Assignment: Only one stretch of the data below is wanted: the lines from the one with "Imagen del producto" through the one with "Yıldız Sarkıtlı Perde", repeated exactly.

Source material:
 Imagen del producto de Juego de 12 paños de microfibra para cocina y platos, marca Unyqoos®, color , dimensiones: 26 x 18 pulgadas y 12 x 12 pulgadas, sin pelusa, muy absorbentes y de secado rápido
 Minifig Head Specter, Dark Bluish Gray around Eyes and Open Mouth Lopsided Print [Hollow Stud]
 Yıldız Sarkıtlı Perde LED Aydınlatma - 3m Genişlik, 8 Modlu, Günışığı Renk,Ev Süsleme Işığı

---

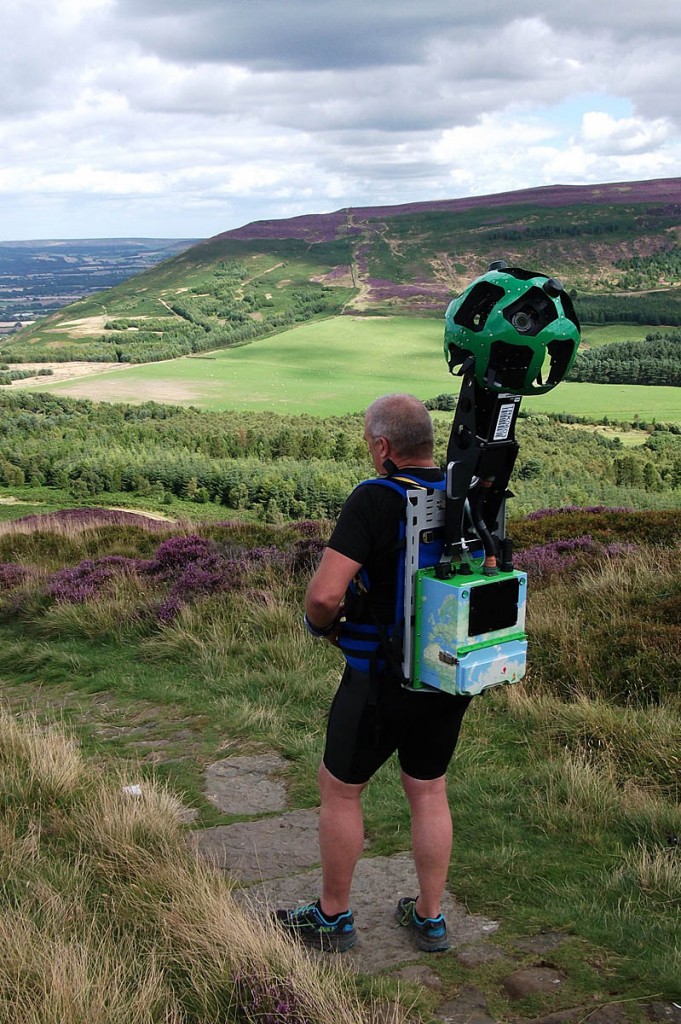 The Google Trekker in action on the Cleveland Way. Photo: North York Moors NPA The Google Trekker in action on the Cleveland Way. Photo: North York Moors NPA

Written answer:
 Imagen del producto de Juego de 12 paños de microfibra para cocina y platos, marca Unyqoos®, color , dimensiones: 26 x 18 pulgadas y 12 x 12 pulgadas, sin pelusa, muy absorbentes y de secado rápido
 Minifig Head Specter, Dark Bluish Gray around Eyes and Open Mouth Lopsided Print [Hollow Stud]
 Yıldız Sarkıtlı Perde LED Aydınlatma - 3m Genişlik, 8 Modlu, Günışığı Renk,Ev Süsleme Işığı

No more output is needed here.